Self Managed High Availability Clusters
Support for GreenArrow’s High Availability Cluster ends on June 30, 2024.
- Table of Contents
- Overview
- Failover
- Reboots
- IP Address Management
- Data Synchronization
Overview
This page provides additional technical details of how GreenArrow’s High Availability Cluster works, beyond what’s described in the High Availability Cluster Administration page.
This information is intended for experienced Linux systems administrators who are tasked with managing the cluster. The cluster manager should be comfortable working with DRBD and PostgreSQL, managing RPM packages, working with kernel modules, reading shell scripts and log files, and configuring a Linux server’s IP addresses.
Note for Managed Customers
As part of our Managed Services, we perform the tasks described on this page for you. You should only perform the tasks described on this page if pre-approved by, and scheduled with GreenArrow.

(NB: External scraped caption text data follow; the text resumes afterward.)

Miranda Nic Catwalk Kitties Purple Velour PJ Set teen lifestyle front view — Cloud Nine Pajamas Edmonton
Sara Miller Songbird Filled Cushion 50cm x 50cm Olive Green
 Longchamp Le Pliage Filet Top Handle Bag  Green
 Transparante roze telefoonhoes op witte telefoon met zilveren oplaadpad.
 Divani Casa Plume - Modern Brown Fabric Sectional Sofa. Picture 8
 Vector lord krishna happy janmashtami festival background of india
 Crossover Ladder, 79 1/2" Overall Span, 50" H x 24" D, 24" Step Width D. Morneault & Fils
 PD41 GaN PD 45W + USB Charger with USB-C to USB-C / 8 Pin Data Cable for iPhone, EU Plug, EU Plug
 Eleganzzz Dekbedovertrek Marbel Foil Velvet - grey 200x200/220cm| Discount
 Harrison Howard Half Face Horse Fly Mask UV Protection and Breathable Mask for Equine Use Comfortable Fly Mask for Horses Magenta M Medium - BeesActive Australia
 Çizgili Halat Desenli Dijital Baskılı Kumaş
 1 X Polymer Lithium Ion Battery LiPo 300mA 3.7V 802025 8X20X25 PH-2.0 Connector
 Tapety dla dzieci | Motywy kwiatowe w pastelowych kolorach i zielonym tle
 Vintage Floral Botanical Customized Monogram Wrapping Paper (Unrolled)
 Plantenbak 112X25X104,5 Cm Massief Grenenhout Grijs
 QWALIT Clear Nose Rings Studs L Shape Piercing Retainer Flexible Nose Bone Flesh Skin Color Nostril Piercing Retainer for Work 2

After-hours support for issues determined not to be Critical Malfunctions may be subject to our after-hours service rate. This includes being paged by our monitoring system as a result of unscheduled maintenance.
Failover
Failover is the process of switching which server is running GreenArrow’s production services. This might be done if, for example, you need to perform hardware maintenance on the server that’s currently acting as Primary.
Failover usually takes about a minute to complete, during which GreenArrow services are offline.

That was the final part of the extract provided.